Le secteur sanitaire et nutritionnel.  Sur le plan sanitaire d’abord, la distribution gratuite des moustiquaires imprégnées, la vaccination toute aussi gratuite des tout-petits contre la poliomyélite sont des actions de protection de haute portée. Sur le plan nutritionnel ensuite, la décision de mettre en place des cantines scolaires dans des zones déshéritées de notre pays   participe du souci de protéger l’avenir contre les carences d’aujourd’hui.
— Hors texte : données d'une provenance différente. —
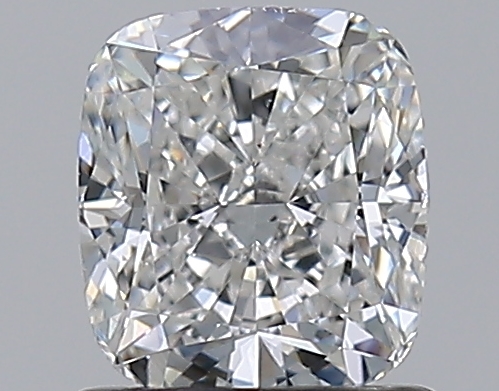 Бриллиант Кушон 0.96 крт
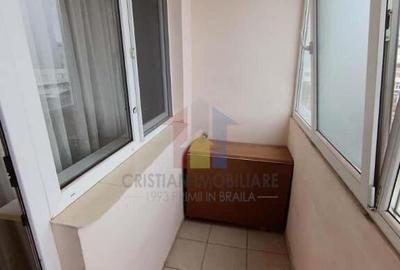 VEZI VIDEO! Ap 2 camere, Decomandat, Etaj 3, zona Radu Negru - 7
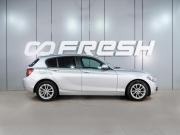 BMW 1 серии II (F20/F21) Воронеж  - изображение 28
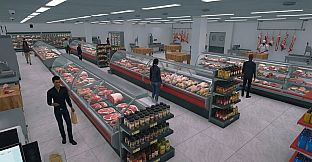 Butcher Shop Simulator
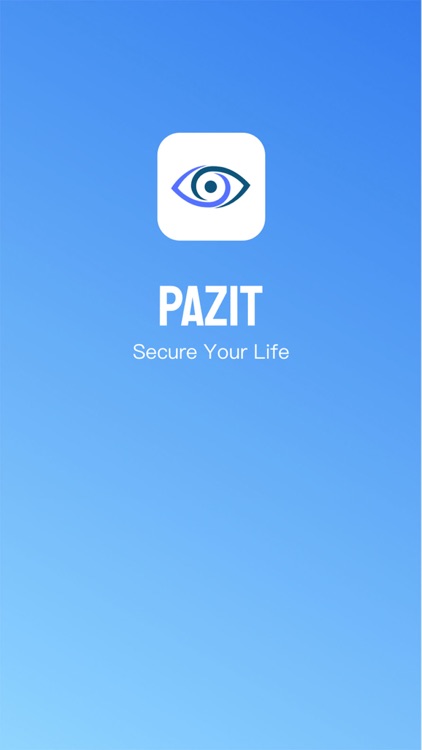 PAZIT CCTV Cloud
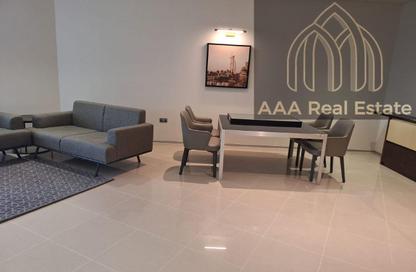 Apartment - 1 Bedroom - 2 Bathrooms for rent in Park Place Tower - Sheikh Zayed Road - Dubai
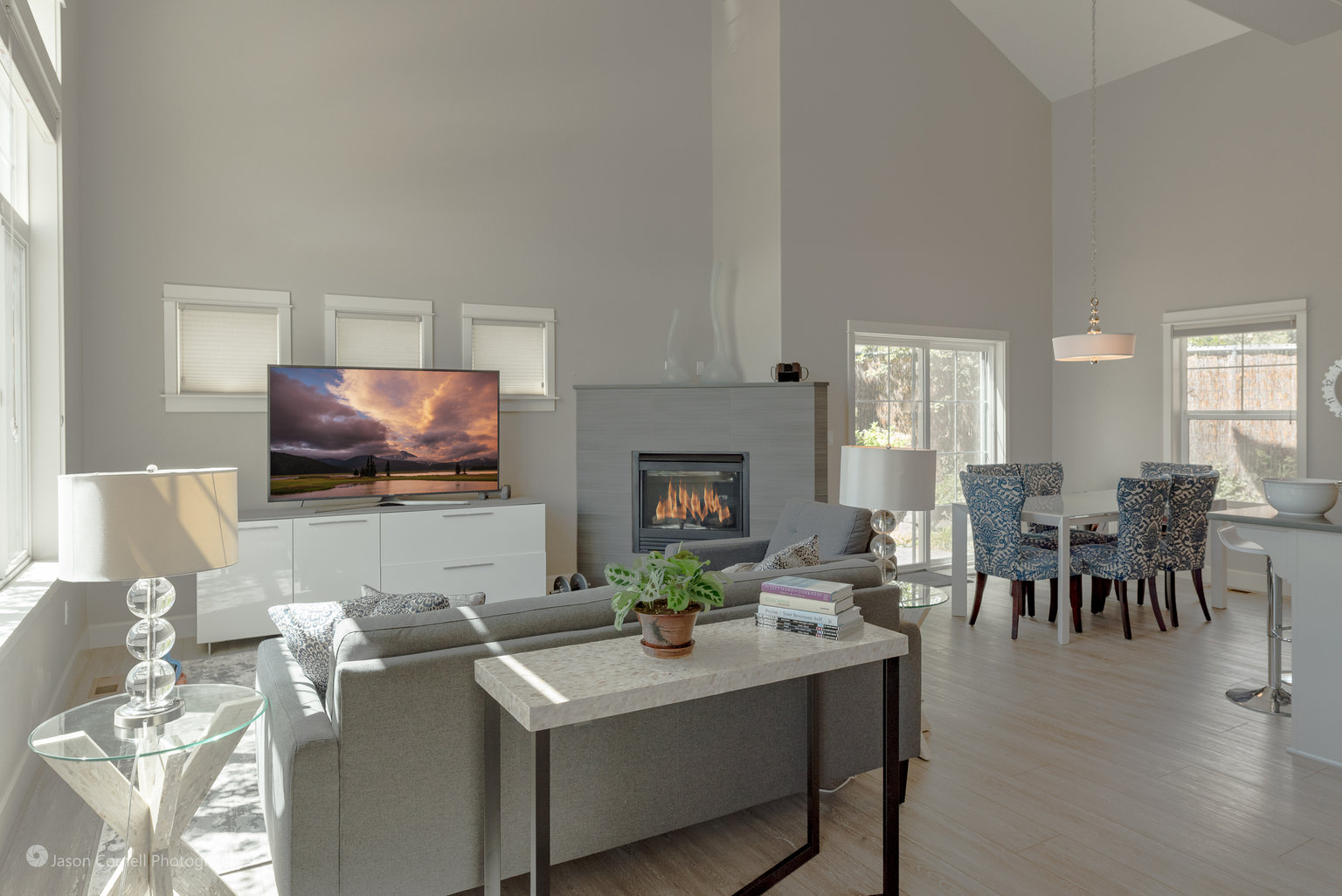 Bend Vacation Rental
Oui, nul ne saurait dire que l’Etat ne fait rien pour protéger le citoyen. Il reste qu’il y a des espaces où c’est l’individu seul, le citoyen seul qui est maître et responsable de sa protection. Des espaces sacrés devrait-on dire sur lesquels seul l’individu, seul le citoyen a toute légitimité, détient un titre de propriété.

– Il y a l’espace couvert par les rapports de l’individu à Dieu. C’est soi face au plus haut, face au sacré, face à ce qui nous transcende. La raison humaine se plie devant l’espace de la foi.  Ici, c’est l’individu qui est le gestionnaire suprême à l’exclusion de tous, mêmes de ses géniteurs. La protection de Dieu prévient contre l’impasse d’un monde sans Dieu.

– Il y a l’espace couvert par les rapports de l’individu à la vie. Ni papa, ni maman, ni le maître : c’est chacun qui donne une direction à sa vie. Même si nous avons toujours besoin des autres pour nous réaliser. Personne ne change personne. Personne ne peut penser avec la tête d’autrui. Malgré nos hérédités et héritages multiples, nous sommes des pièces uniques dans la vaste machinerie humaine. La vie nous protège contre la mort, synonyme de sécheresse absolue, de désert d’être.

– Il y a, enfin, l’espace couvert par les rapports de l’individu à ses valeurs. Comme qui dirait, « Entre l’arbre et l’écorce il ne faut pas mettre le doigt ». Pas d’immixtion possible par rapport à mes valeurs de vie. Il y en a qui sont aussi vielles que l’humanité. Il y en a d’autres qui participent de mon identité. Nos valeurs nous identifient tout à la fois à la condition humaine en général et aux réalités d’une communauté humaine en particulier. C’est là où se situe le grand carrefour de la vie, au point de rencontre du citoyen du monde que je suis et du fils d’un terroir que j’entends rester.